I apologize for my extended absence. My work in private practice is often prohibitively time consuming. Part of my absence was also due to an week long trip to Guantanamo Bay, Cuba to meet with my clients. Unfortunately, until my notes are declassified by the government, I am unable to discuss those meetings, however, I can discuss Gitmo generally and discuss information from our clients that has been declassified from our last trip to Cuba.
It has become clear to me that the stories of abuse and torture of the GTMO detainees have recently fallen victim to (1) public torture fatigue, and (2) a feeling that it is okay to torture detainees in order to save innocent lives. Obviously, I think this is disturbing, BUT, I don't plan on using this post to fight these understandable feelings. Having said that, I DO want to note that these individuals have never been abused to find out information to save lives. Much of the unclassified factual returns released by the government indicates that the government has been primarily interested in finding out individual stories of the detainees. Exactly the type of information you would use to prosecute an individual for a crime (a crime that has already taken place).

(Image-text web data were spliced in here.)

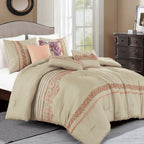 Beige floral embroidered 7-piece comforter set arranged on a bed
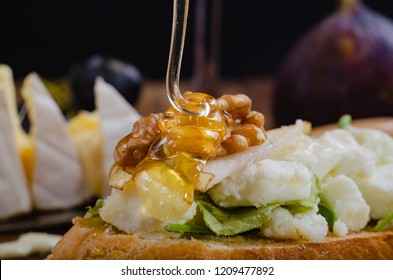 bruschetta with cheese, fruit and nuts is drizzled with honey. macro - Powered by Shutterstock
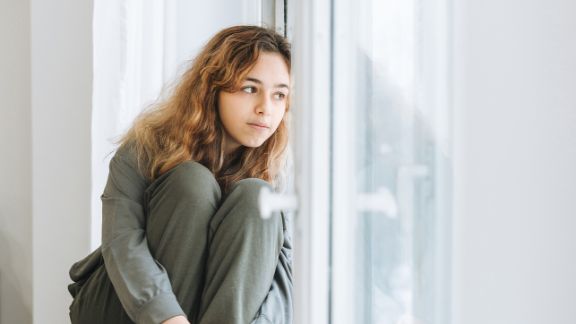 Vermeidungsreaktion bei Schulangst Junges Mädchen schaut besorgt aus dem Fenster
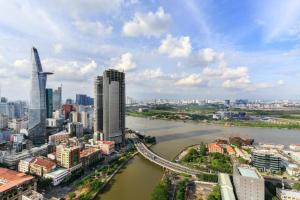 a view of a city with a river and buildings at Saigon Cozy Hotel in Ho Chi Minh City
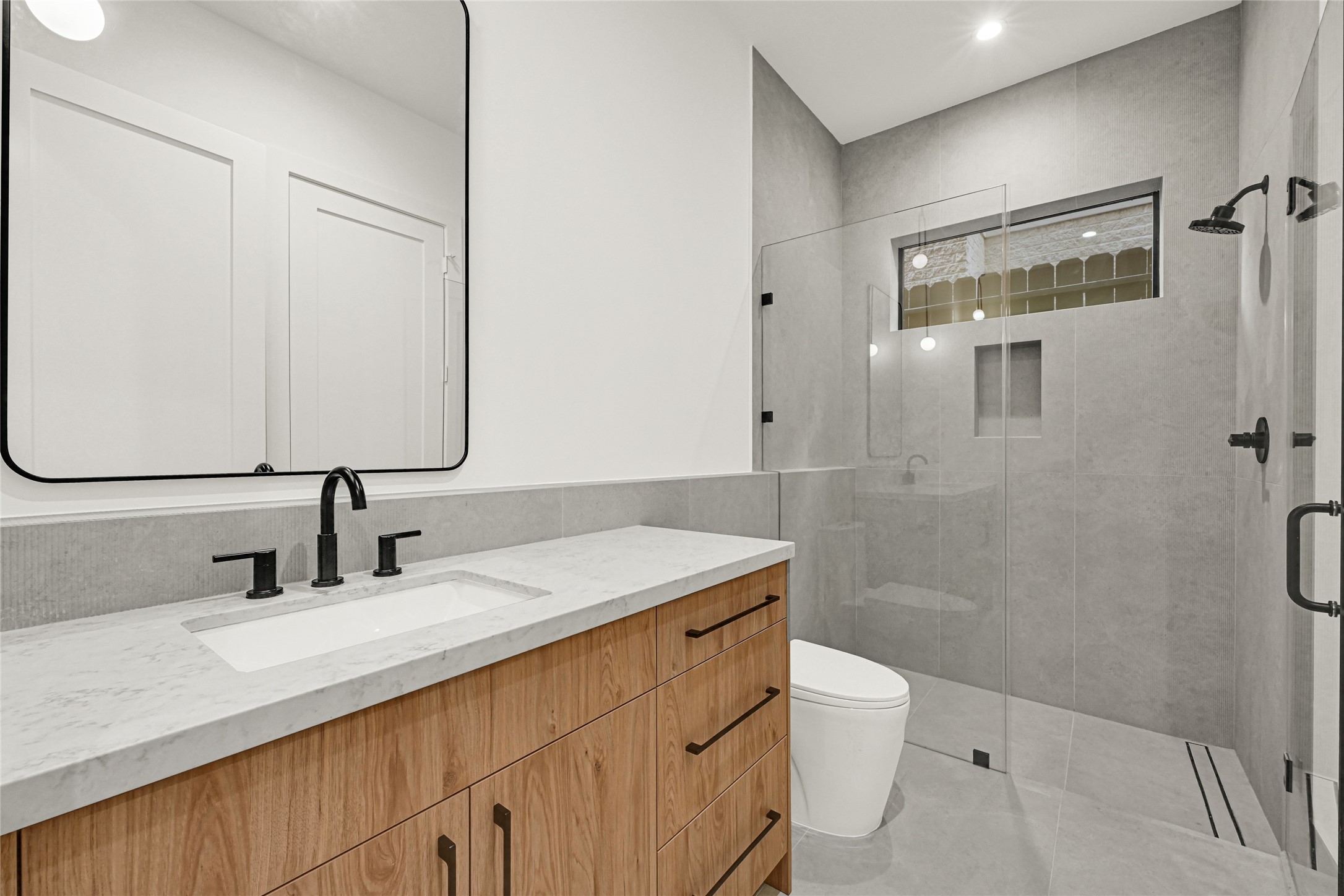 6405 Rodrigo Street, Unit A Houston, TX 77007 - Photo 6 of 28 a bathroom with a sink toilet double vanity and shower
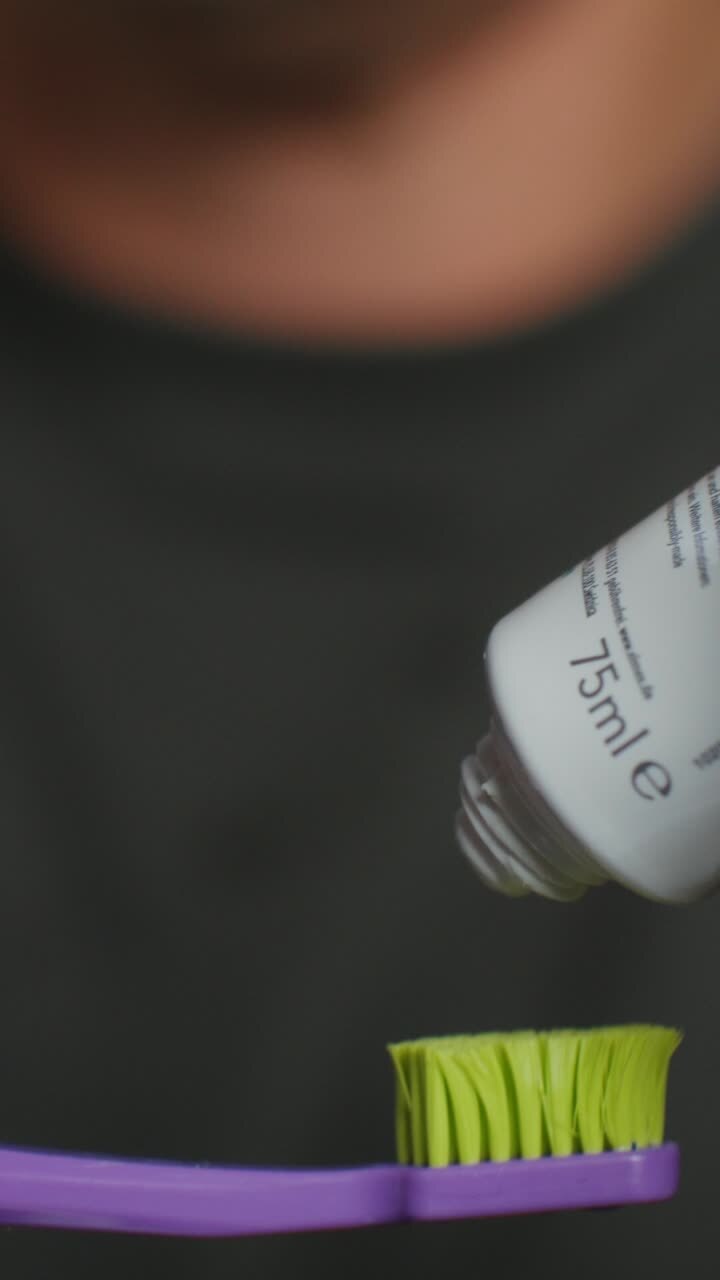 Applying toothpaste to a toothbrush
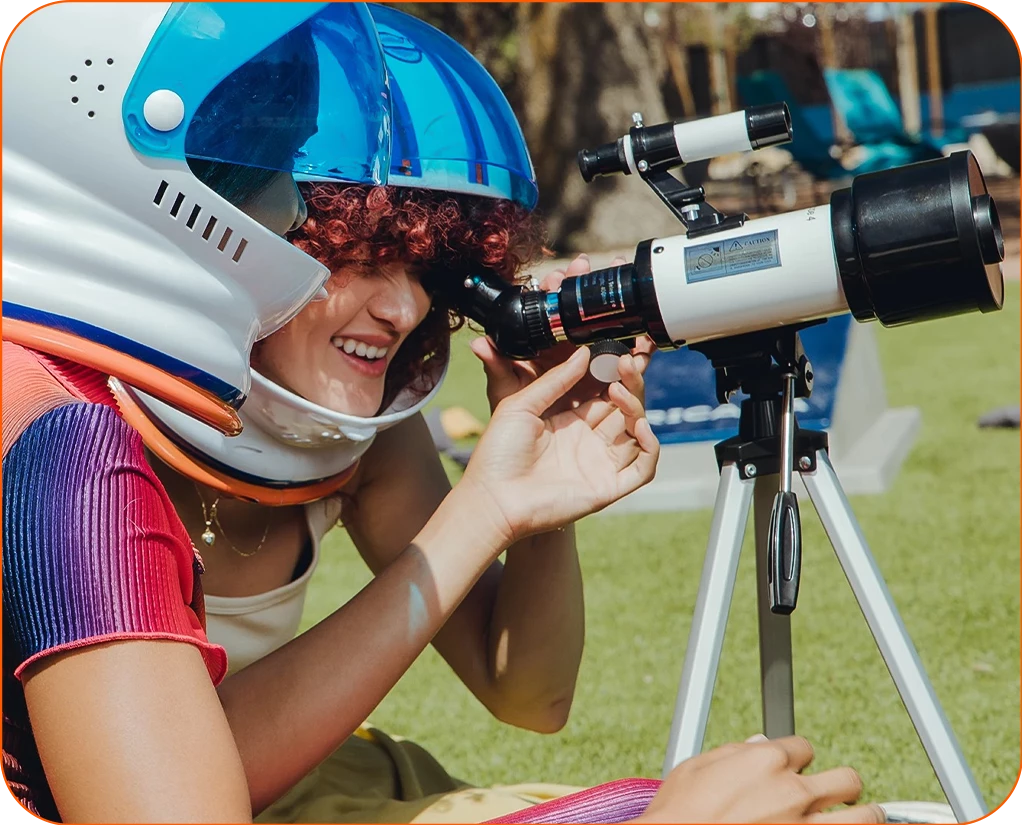 a woman wearing a helmet looking through a telescope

Unfortunately, those crimes are not taking place.
What I want to discuss is a different kind of abuse. One that may resonate more with average Americans. That abuse is the abuse of the attorney / client relationship. A recent NY Times article discusses several instances where detainees have been harshly interrogated after meeting with their attorneys, have been questioned about privileged conversations with their attorneys, and where the goverment has taken attorney-client mail has been taken by the government.

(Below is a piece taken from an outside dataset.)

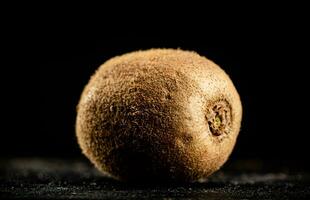 One ripe unpeeled kiwi on the table. photo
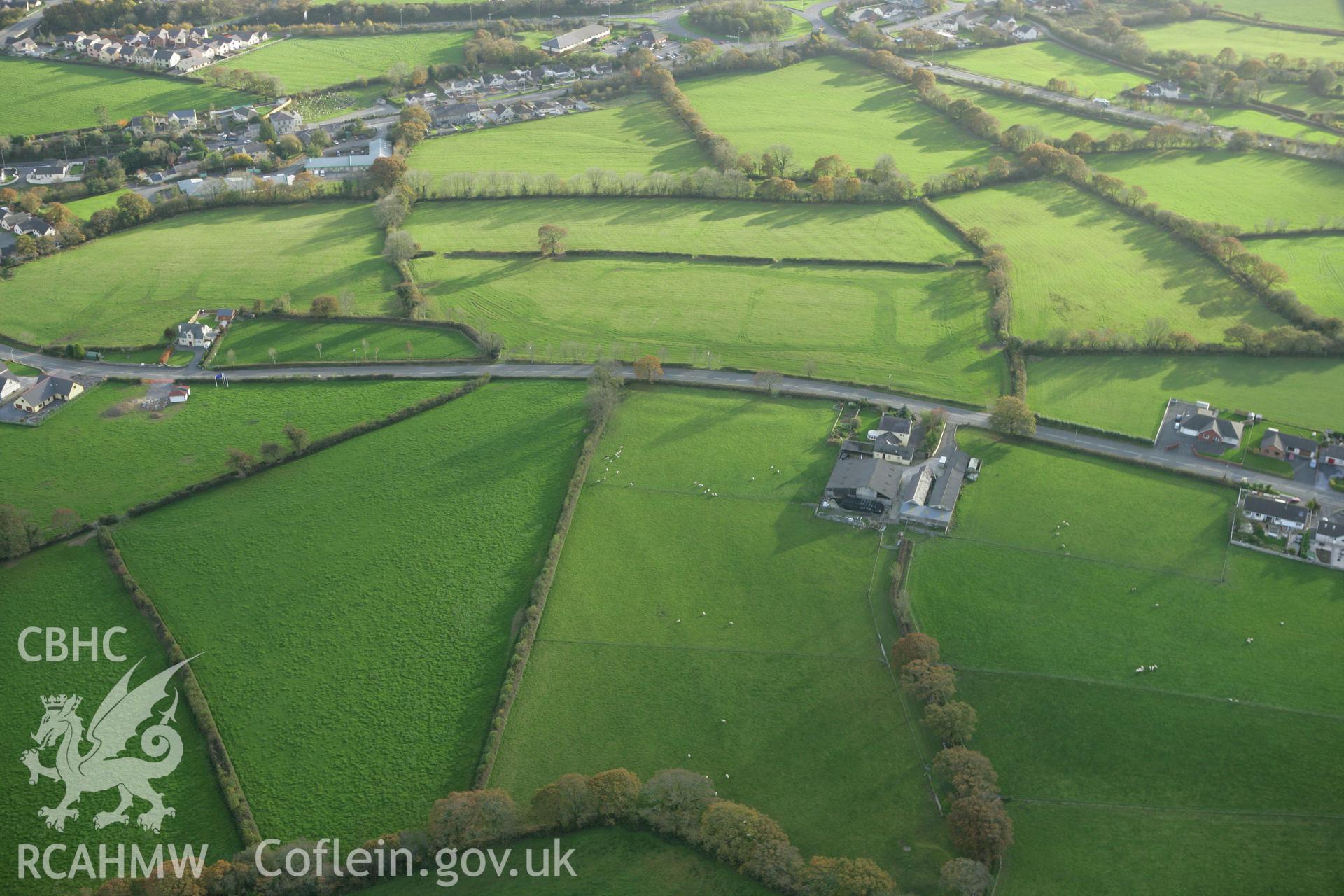 RCAHMW colour oblique photograph of Earthworks of Roman road underlying modern road, Ostrey, St. Clears. Taken by Toby Driver on 06/11/2007.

Interfering with the attorney-client relationship is the clearest way to undermine an adversarial system of justice. While I was in GTMO our military escort asked me why we defend individuals he clearly thought should be locked away forever. I told him that the U.S. has an adversarial system of justice and that as part of that system, those who believe in the rule of law believe that between two sides working fervently for their clients, the truth will rise and justice will be done. Not a perfect system by any means, but a system that has served us well. I told him that for every day I am working to free our detainee clients there is someone over at the government working feverishly to keep them detained. I don't feel any anger toward that government employee, because he is a part of a system from which I believe justice springs.

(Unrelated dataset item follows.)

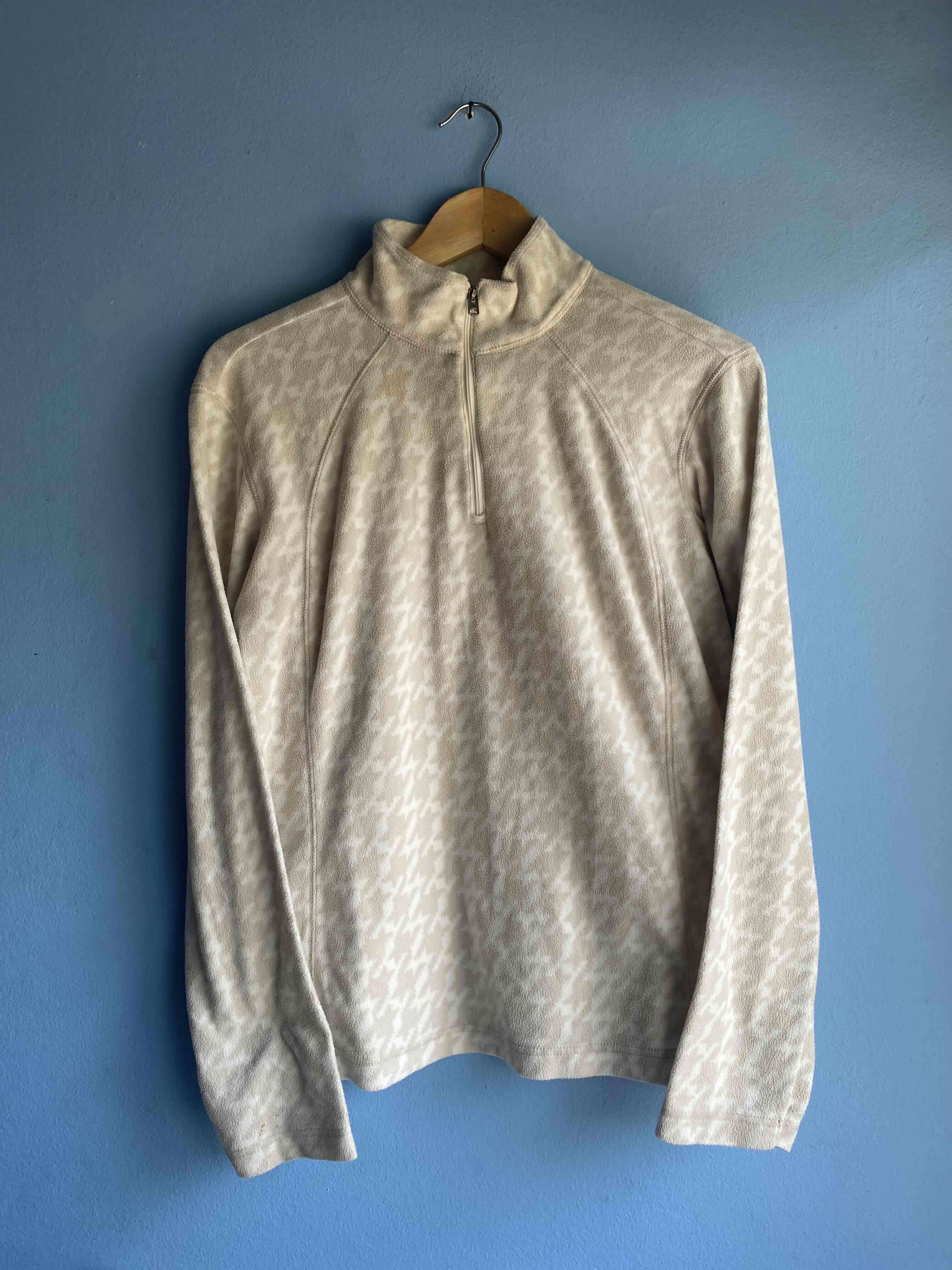 Polerón beige con diseño Columbia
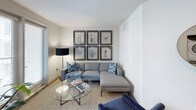 This thoughtfully designed single-floor residence offers a cohesive blend of modern aesthetics and functional living across its key spaces. The kitchen is a standout feature, showcasing crisp white cabinetry extending to the ceiling, stainless steel appliances including a gas range, microwave, and French door refrigerator, complemented by white quartz countertops, under-cabinet lighting, and a tile backsplash. Dark hardwood-style flooring runs throughout the kitchen and wet areas, adding warmth and contrast to the bright, clean palette.

The living area provides a comfortable retreat, finished with neutral carpeting and featuring a gallery wall arrangement of framed artwork that adds a curated, contemporary touch. Natural light filters in through the windows, enhancing the welcoming ambiance.

Both bedrooms are carpeted and well-lit, each with windows that invite natural light. The rooms offer ample space for furnishings and storage, maintaining the same clean, modern aesthetic found throughout the unit.

The two bathrooms are finished with attention to detail. One features full-height vertical tile surrounding a soaking tub and shower combination with built-in niche storage, while the second offers a dark-cabinet vanity with white countertops and wood-look flooring, both reflecting a polished, contemporary design sensibility.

Anyway...interfering with an attorneys access to privileged communications with his client undermines this adversarial process. Undermining this process retards the balanced element from which the truth can arise. It is also symbolic of the larger struggle of these detainees to get a habeas hearing where the government is forced to explain their detention. The true tragedy of these detentions lies not only in physical incarceration, but in the unilateral justification which has not been probed by the justice system.